┏━━

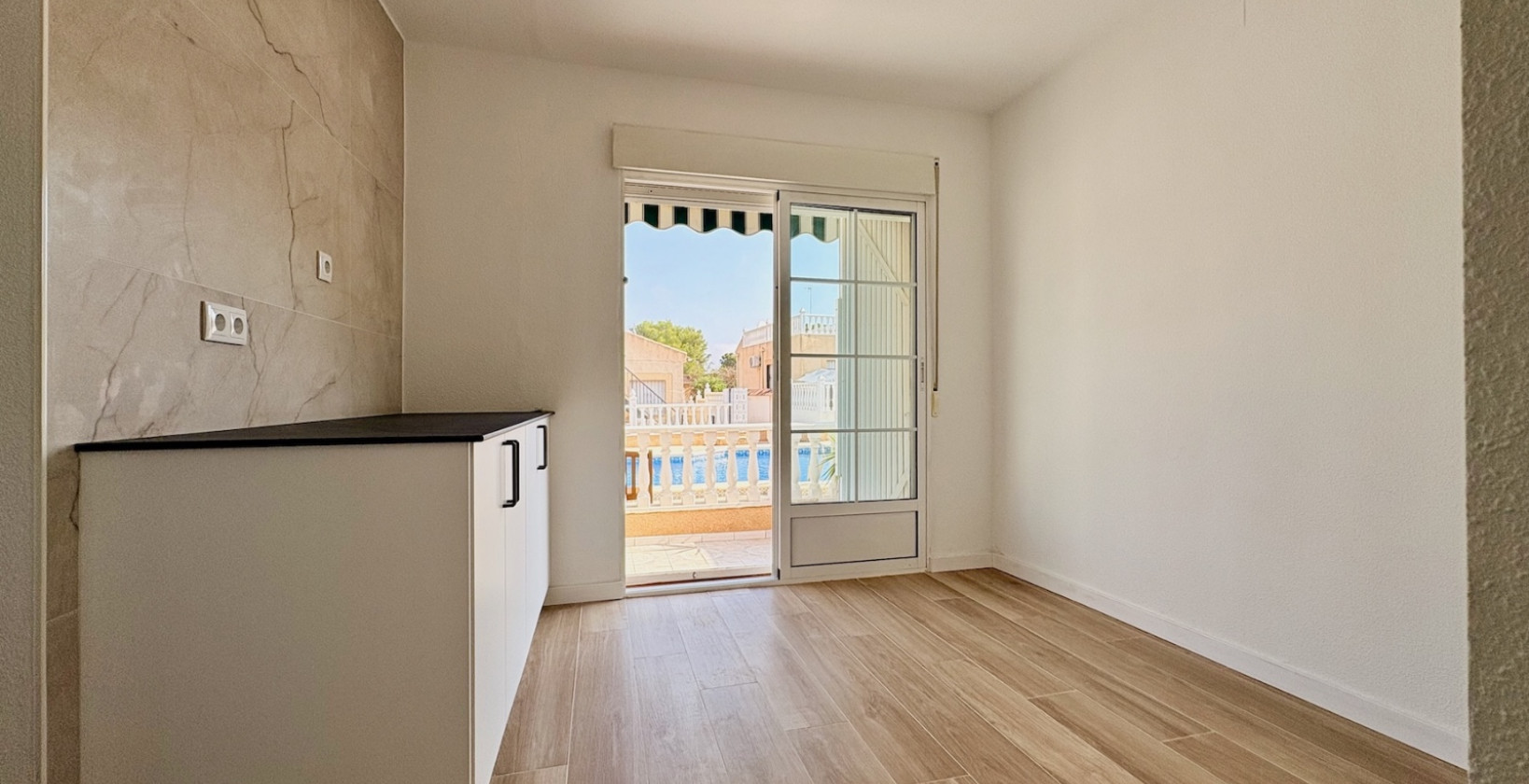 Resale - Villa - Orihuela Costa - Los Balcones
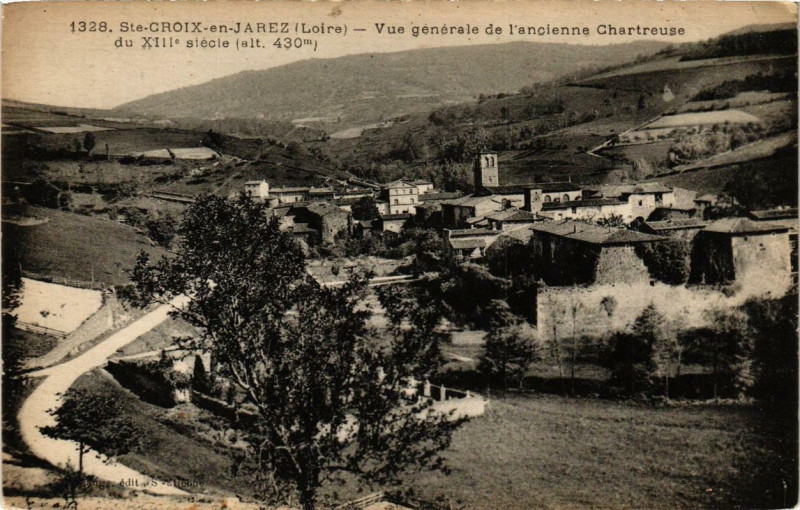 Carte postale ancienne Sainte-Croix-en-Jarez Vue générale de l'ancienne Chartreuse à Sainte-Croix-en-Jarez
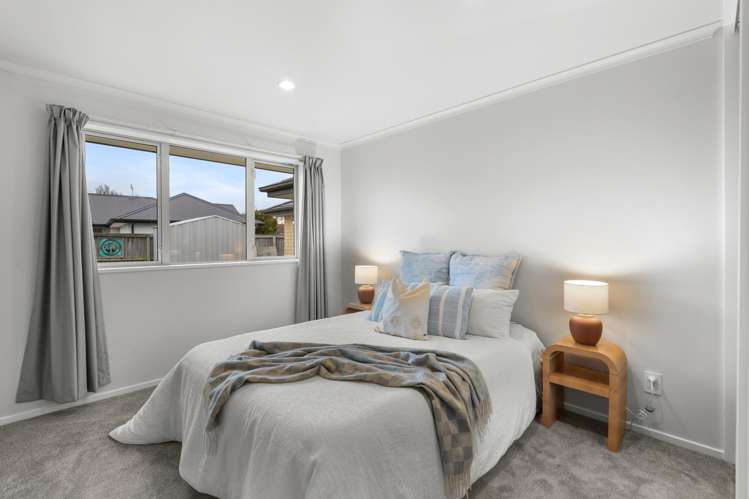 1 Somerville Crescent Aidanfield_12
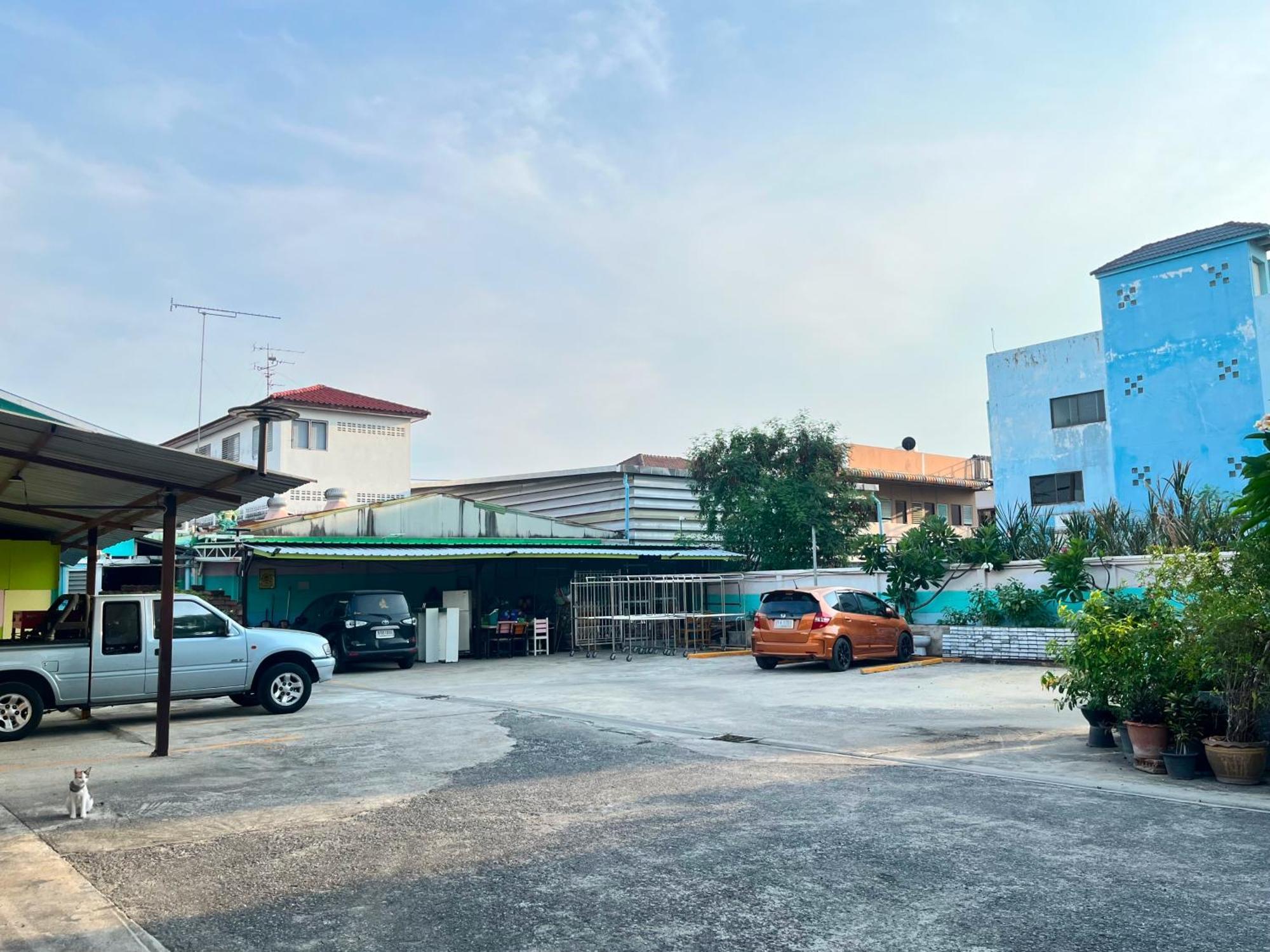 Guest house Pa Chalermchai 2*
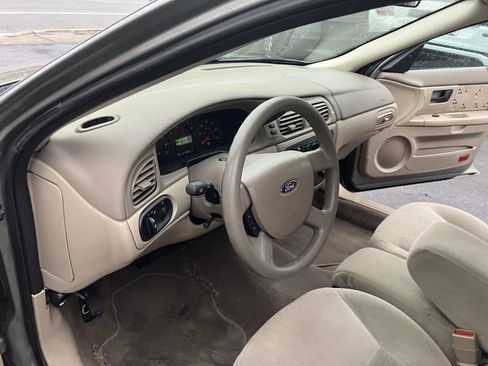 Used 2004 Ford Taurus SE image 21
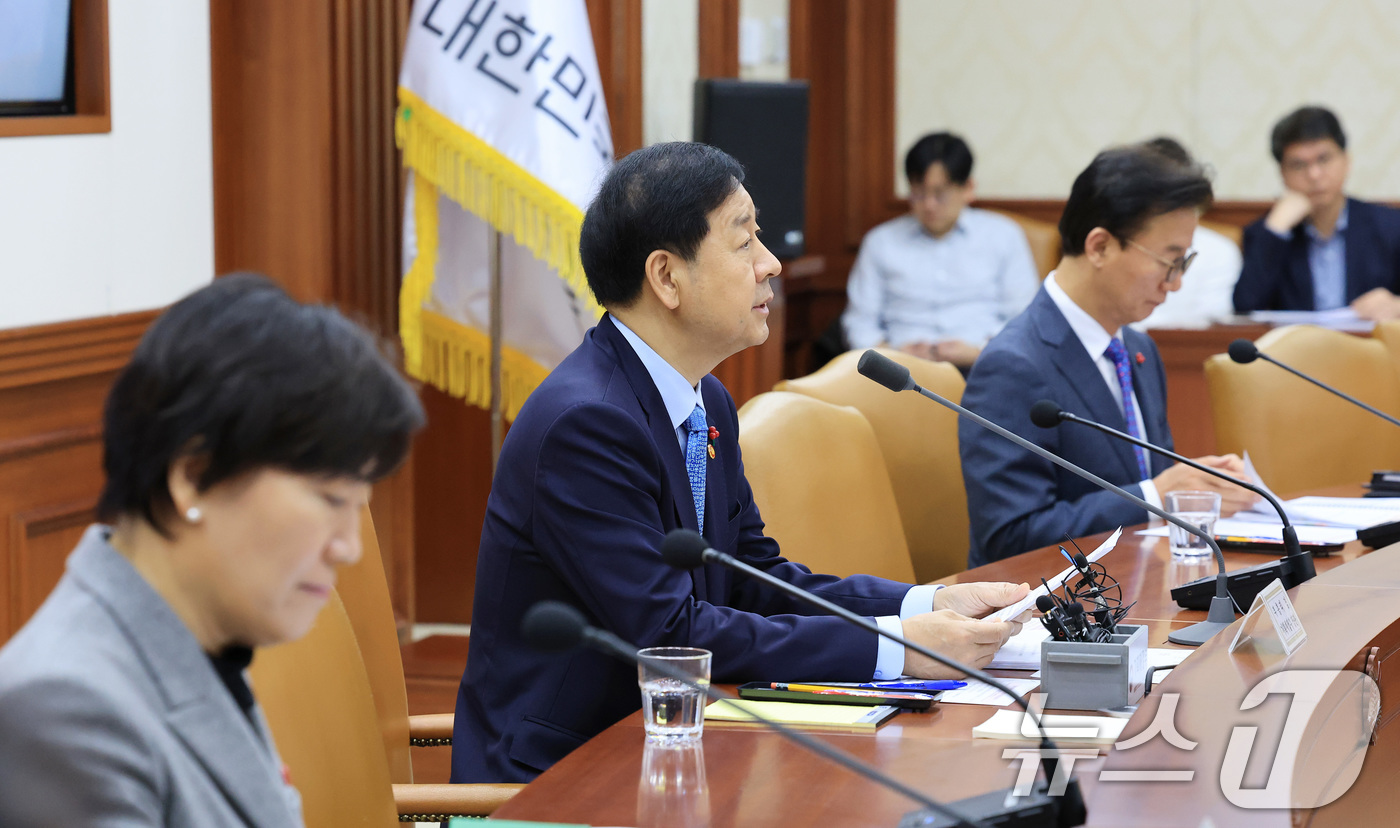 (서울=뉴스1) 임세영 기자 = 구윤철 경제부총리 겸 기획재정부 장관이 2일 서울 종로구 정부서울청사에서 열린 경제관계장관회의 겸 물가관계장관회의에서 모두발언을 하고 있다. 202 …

┗━━

(WHAT THIS TASK INVOLVES) Write out again, word for word, the lines from the one holding "1 Somerville Crescent Aidanfield_12" through the final line of the listing, including both ends but no pictures.

(RESPONSE TO THIS TASK)
 1 Somerville Crescent Aidanfield_12
 Guest house Pa Chalermchai 2*
 Used 2004 Ford Taurus SE image 21
 (서울=뉴스1) 임세영 기자 = 구윤철 경제부총리 겸 기획재정부 장관이 2일 서울 종로구 정부서울청사에서 열린 경제관계장관회의 겸 물가관계장관회의에서 모두발언을 하고 있다. 202 …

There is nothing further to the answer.